During the several years that I researched The Last Resort: A Chronicle of Paradise, Profit, and Peril at the Beach, I immersed myself in our cultural obsession with the beach. One byproduct of this obsession that kept me perpetually entertained: the writers major and minor the world over who have taken up the challenge to finally describe the ocean satisfactorily. Here, I’ve collected some of the best and most amusing attempts I’ve come across.
[T]he beach itself is still the real draw, replete with gentle, kid-friendly water in Rothko bands of blue…

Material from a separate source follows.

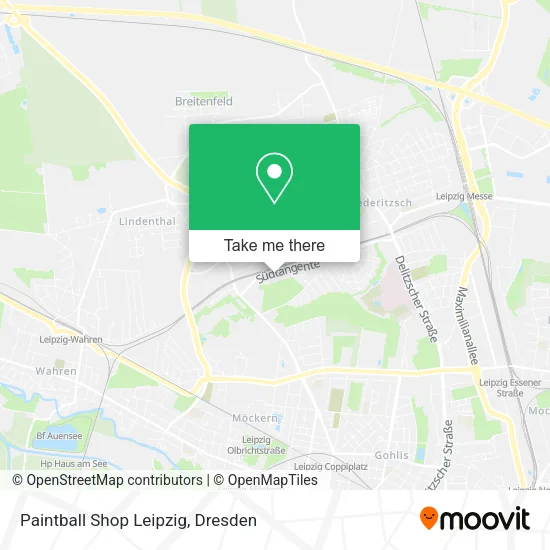 Карта Paintball Shop Leipzig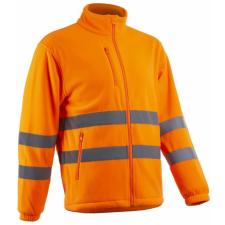 Coverguard Ritto polár HV munkavédelmi pulóver fluo narancs színben munkaruha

-Richard Fausset, writing of the Florida Panhandle beaches in the New York Times
Thousands of travellers…hurry southwards…to bathe in the ultramarine waters of the Mediterranean.”
-from Cook’s Handbook to the Health Resorts of the South of France, Riviera, and Pyrenees, published in 1905
…the invented part of the Murphys’ lives is as real, as palpable, as…the color of the sea–an improbable turquoise in the shallows, and a deep, purplish blue, the color of blueberries, farther out.
-Amanda Viall, in her biography of Gerald and Sara Murphy, Everybody Was So Young
…a sea as mysteriously colored as the agates and cornelians of childhood, green as green milk, blue as laundry water, wine dark.
-F. Scott Fitzgerald, in Tender Is the Night
The Western Caribbean’s blue varied between baby-blanket and fluorescent.
-David Foster Wallace, in the essay “A Supposedly Fun Thing I’ll Never Do Again“
Scanning the wine-dark sea he prayed in anguish…”
Homer, in The Iliad
No neighbors just solitude. Sandy white beaches with gin-colored water.
Airbnb listing for a campsite on the island of Cayo Costa, off the Gulf Coast of Florida
Before me, the ocean was the color of steel.
Sheila Heiti, in How Should a Person Be
The sea was indistinguishable from the sky, except that the sea was slightly creased as if a cloth had wrinkles in it.
Virginia Woolf, in The Waves
Jamaica, where the water was the color of nude aquamarine.